Task directions:
What is needed is an exact copy of every entry.
====
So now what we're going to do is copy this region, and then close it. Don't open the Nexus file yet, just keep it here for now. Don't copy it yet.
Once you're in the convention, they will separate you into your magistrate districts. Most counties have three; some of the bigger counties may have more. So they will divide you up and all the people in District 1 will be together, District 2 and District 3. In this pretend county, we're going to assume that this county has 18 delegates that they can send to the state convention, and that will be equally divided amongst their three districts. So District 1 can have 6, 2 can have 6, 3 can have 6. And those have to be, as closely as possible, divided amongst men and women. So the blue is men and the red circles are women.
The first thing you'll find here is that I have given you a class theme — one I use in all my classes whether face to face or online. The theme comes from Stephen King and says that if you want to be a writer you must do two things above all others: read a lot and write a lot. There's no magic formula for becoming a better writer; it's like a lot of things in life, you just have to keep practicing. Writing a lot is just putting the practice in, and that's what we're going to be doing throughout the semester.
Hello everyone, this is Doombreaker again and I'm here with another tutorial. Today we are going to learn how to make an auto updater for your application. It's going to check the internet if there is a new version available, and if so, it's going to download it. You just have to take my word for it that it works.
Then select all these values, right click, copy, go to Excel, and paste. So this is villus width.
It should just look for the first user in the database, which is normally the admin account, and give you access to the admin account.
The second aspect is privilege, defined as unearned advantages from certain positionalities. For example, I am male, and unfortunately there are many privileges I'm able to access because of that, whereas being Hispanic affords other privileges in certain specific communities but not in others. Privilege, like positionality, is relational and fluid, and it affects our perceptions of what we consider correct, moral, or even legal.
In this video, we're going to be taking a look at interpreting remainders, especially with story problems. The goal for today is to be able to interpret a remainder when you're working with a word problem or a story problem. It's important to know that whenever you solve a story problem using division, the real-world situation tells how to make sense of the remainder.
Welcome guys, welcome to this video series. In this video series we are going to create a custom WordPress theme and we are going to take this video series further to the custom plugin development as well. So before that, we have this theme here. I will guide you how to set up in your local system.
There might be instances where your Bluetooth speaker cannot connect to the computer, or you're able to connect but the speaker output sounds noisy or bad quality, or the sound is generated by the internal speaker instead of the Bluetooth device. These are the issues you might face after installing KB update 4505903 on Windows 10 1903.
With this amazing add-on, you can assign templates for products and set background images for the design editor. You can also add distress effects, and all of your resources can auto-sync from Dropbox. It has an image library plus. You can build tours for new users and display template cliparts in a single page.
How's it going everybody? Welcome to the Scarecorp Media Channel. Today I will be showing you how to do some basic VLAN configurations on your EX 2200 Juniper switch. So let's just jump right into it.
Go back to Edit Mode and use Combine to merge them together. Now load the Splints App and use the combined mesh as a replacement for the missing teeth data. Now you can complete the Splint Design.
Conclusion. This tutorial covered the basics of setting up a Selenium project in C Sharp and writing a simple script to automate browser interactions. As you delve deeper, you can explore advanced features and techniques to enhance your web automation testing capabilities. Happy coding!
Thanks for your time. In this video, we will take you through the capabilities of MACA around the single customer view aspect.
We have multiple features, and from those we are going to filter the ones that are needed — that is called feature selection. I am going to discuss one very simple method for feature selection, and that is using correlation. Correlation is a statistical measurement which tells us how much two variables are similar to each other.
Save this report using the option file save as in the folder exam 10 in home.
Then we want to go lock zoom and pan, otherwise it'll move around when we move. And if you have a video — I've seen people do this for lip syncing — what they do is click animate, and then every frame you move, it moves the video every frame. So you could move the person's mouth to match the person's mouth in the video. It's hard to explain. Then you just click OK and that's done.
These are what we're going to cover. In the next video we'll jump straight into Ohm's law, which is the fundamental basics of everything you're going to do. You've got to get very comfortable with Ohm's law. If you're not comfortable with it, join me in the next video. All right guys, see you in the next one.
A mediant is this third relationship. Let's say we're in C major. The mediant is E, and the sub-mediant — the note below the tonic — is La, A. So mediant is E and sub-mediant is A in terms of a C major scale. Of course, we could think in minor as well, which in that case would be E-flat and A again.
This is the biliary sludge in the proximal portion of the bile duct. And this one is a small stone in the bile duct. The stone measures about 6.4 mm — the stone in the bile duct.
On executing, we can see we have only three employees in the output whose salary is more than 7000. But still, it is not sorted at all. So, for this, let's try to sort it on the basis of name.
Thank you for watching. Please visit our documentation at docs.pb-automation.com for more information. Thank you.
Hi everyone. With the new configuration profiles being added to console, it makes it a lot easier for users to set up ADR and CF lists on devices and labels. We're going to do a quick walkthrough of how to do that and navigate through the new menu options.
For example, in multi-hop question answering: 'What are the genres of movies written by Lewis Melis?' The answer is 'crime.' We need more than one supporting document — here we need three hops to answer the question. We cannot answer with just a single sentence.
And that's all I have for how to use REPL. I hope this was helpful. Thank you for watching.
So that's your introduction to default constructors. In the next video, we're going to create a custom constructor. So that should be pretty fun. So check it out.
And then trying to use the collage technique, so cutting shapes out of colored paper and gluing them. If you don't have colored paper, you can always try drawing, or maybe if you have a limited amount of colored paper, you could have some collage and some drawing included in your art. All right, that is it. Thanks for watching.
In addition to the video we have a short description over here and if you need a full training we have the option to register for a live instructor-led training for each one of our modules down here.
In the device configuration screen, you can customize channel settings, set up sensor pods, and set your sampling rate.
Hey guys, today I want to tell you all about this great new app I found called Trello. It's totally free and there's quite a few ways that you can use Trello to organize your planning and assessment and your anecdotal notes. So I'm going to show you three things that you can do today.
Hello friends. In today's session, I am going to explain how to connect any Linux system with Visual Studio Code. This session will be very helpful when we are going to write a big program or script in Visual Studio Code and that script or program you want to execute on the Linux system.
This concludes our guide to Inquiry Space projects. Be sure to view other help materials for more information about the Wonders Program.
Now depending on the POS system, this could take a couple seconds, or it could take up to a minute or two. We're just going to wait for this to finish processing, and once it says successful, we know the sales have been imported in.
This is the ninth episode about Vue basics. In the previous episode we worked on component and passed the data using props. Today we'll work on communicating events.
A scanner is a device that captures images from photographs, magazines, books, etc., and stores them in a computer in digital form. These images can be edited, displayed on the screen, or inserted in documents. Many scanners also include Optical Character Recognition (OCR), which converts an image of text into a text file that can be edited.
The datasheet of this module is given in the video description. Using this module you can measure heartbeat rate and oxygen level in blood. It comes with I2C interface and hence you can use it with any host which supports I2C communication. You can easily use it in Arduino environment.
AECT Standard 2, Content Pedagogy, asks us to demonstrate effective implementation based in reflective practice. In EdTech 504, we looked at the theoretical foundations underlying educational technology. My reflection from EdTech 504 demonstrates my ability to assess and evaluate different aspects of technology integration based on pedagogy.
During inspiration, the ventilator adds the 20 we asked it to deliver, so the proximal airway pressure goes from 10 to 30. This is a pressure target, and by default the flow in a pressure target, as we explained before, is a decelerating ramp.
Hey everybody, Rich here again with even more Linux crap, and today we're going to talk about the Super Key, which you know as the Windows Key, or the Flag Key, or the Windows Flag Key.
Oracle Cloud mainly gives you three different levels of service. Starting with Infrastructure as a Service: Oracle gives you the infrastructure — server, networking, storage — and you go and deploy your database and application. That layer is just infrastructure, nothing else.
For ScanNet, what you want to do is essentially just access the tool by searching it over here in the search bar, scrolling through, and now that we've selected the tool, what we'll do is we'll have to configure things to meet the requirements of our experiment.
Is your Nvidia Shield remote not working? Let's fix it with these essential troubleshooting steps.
====
Completed task:
So now what we're going to do is copy this region, and then close it. Don't open the Nexus file yet, just keep it here for now. Don't copy it yet.
Once you're in the convention, they will separate you into your magistrate districts. Most counties have three; some of the bigger counties may have more. So they will divide you up and all the people in District 1 will be together, District 2 and District 3. In this pretend county, we're going to assume that this county has 18 delegates that they can send to the state convention, and that will be equally divided amongst their three districts. So District 1 can have 6, 2 can have 6, 3 can have 6. And those have to be, as closely as possible, divided amongst men and women. So the blue is men and the red circles are women.
The first thing you'll find here is that I have given you a class theme — one I use in all my classes whether face to face or online. The theme comes from Stephen King and says that if you want to be a writer you must do two things above all others: read a lot and write a lot. There's no magic formula for becoming a better writer; it's like a lot of things in life, you just have to keep practicing. Writing a lot is just putting the practice in, and that's what we're going to be doing throughout the semester.
Hello everyone, this is Doombreaker again and I'm here with another tutorial. Today we are going to learn how to make an auto updater for your application. It's going to check the internet if there is a new version available, and if so, it's going to download it. You just have to take my word for it that it works.
Then select all these values, right click, copy, go to Excel, and paste. So this is villus width.
It should just look for the first user in the database, which is normally the admin account, and give you access to the admin account.
The second aspect is privilege, defined as unearned advantages from certain positionalities. For example, I am male, and unfortunately there are many privileges I'm able to access because of that, whereas being Hispanic affords other privileges in certain specific communities but not in others. Privilege, like positionality, is relational and fluid, and it affects our perceptions of what we consider correct, moral, or even legal.
In this video, we're going to be taking a look at interpreting remainders, especially with story problems. The goal for today is to be able to interpret a remainder when you're working with a word problem or a story problem. It's important to know that whenever you solve a story problem using division, the real-world situation tells how to make sense of the remainder.
Welcome guys, welcome to this video series. In this video series we are going to create a custom WordPress theme and we are going to take this video series further to the custom plugin development as well. So before that, we have this theme here. I will guide you how to set up in your local system.
There might be instances where your Bluetooth speaker cannot connect to the computer, or you're able to connect but the speaker output sounds noisy or bad quality, or the sound is generated by the internal speaker instead of the Bluetooth device. These are the issues you might face after installing KB update 4505903 on Windows 10 1903.
With this amazing add-on, you can assign templates for products and set background images for the design editor. You can also add distress effects, and all of your resources can auto-sync from Dropbox. It has an image library plus. You can build tours for new users and display template cliparts in a single page.
How's it going everybody? Welcome to the Scarecorp Media Channel. Today I will be showing you how to do some basic VLAN configurations on your EX 2200 Juniper switch. So let's just jump right into it.
Go back to Edit Mode and use Combine to merge them together. Now load the Splints App and use the combined mesh as a replacement for the missing teeth data. Now you can complete the Splint Design.
Conclusion. This tutorial covered the basics of setting up a Selenium project in C Sharp and writing a simple script to automate browser interactions. As you delve deeper, you can explore advanced features and techniques to enhance your web automation testing capabilities. Happy coding!
Thanks for your time. In this video, we will take you through the capabilities of MACA around the single customer view aspect.
We have multiple features, and from those we are going to filter the ones that are needed — that is called feature selection. I am going to discuss one very simple method for feature selection, and that is using correlation. Correlation is a statistical measurement which tells us how much two variables are similar to each other.
Save this report using the option file save as in the folder exam 10 in home.
Then we want to go lock zoom and pan, otherwise it'll move around when we move. And if you have a video — I've seen people do this for lip syncing — what they do is click animate, and then every frame you move, it moves the video every frame. So you could move the person's mouth to match the person's mouth in the video. It's hard to explain. Then you just click OK and that's done.
These are what we're going to cover. In the next video we'll jump straight into Ohm's law, which is the fundamental basics of everything you're going to do. You've got to get very comfortable with Ohm's law. If you're not comfortable with it, join me in the next video. All right guys, see you in the next one.
A mediant is this third relationship. Let's say we're in C major. The mediant is E, and the sub-mediant — the note below the tonic — is La, A. So mediant is E and sub-mediant is A in terms of a C major scale. Of course, we could think in minor as well, which in that case would be E-flat and A again.
This is the biliary sludge in the proximal portion of the bile duct. And this one is a small stone in the bile duct. The stone measures about 6.4 mm — the stone in the bile duct.
On executing, we can see we have only three employees in the output whose salary is more than 7000. But still, it is not sorted at all. So, for this, let's try to sort it on the basis of name.
Thank you for watching. Please visit our documentation at docs.pb-automation.com for more information. Thank you.
Hi everyone. With the new configuration profiles being added to console, it makes it a lot easier for users to set up ADR and CF lists on devices and labels. We're going to do a quick walkthrough of how to do that and navigate through the new menu options.
For example, in multi-hop question answering: 'What are the genres of movies written by Lewis Melis?' The answer is 'crime.' We need more than one supporting document — here we need three hops to answer the question. We cannot answer with just a single sentence.
And that's all I have for how to use REPL. I hope this was helpful. Thank you for watching.
So that's your introduction to default constructors. In the next video, we're going to create a custom constructor. So that should be pretty fun. So check it out.
And then trying to use the collage technique, so cutting shapes out of colored paper and gluing them. If you don't have colored paper, you can always try drawing, or maybe if you have a limited amount of colored paper, you could have some collage and some drawing included in your art. All right, that is it. Thanks for watching.
In addition to the video we have a short description over here and if you need a full training we have the option to register for a live instructor-led training for each one of our modules down here.
In the device configuration screen, you can customize channel settings, set up sensor pods, and set your sampling rate.
Hey guys, today I want to tell you all about this great new app I found called Trello. It's totally free and there's quite a few ways that you can use Trello to organize your planning and assessment and your anecdotal notes. So I'm going to show you three things that you can do today.
Hello friends. In today's session, I am going to explain how to connect any Linux system with Visual Studio Code. This session will be very helpful when we are going to write a big program or script in Visual Studio Code and that script or program you want to execute on the Linux system.
This concludes our guide to Inquiry Space projects. Be sure to view other help materials for more information about the Wonders Program.
Now depending on the POS system, this could take a couple seconds, or it could take up to a minute or two. We're just going to wait for this to finish processing, and once it says successful, we know the sales have been imported in.
This is the ninth episode about Vue basics. In the previous episode we worked on component and passed the data using props. Today we'll work on communicating events.
A scanner is a device that captures images from photographs, magazines, books, etc., and stores them in a computer in digital form. These images can be edited, displayed on the screen, or inserted in documents. Many scanners also include Optical Character Recognition (OCR), which converts an image of text into a text file that can be edited.
The datasheet of this module is given in the video description. Using this module you can measure heartbeat rate and oxygen level in blood. It comes with I2C interface and hence you can use it with any host which supports I2C communication. You can easily use it in Arduino environment.
AECT Standard 2, Content Pedagogy, asks us to demonstrate effective implementation based in reflective practice. In EdTech 504, we looked at the theoretical foundations underlying educational technology. My reflection from EdTech 504 demonstrates my ability to assess and evaluate different aspects of technology integration based on pedagogy.
During inspiration, the ventilator adds the 20 we asked it to deliver, so the proximal airway pressure goes from 10 to 30. This is a pressure target, and by default the flow in a pressure target, as we explained before, is a decelerating ramp.
Hey everybody, Rich here again with even more Linux crap, and today we're going to talk about the Super Key, which you know as the Windows Key, or the Flag Key, or the Windows Flag Key.
Oracle Cloud mainly gives you three different levels of service. Starting with Infrastructure as a Service: Oracle gives you the infrastructure — server, networking, storage — and you go and deploy your database and application. That layer is just infrastructure, nothing else.
For ScanNet, what you want to do is essentially just access the tool by searching it over here in the search bar, scrolling through, and now that we've selected the tool, what we'll do is we'll have to configure things to meet the requirements of our experiment.
Is your Nvidia Shield remote not working? Let's fix it with these essential troubleshooting steps.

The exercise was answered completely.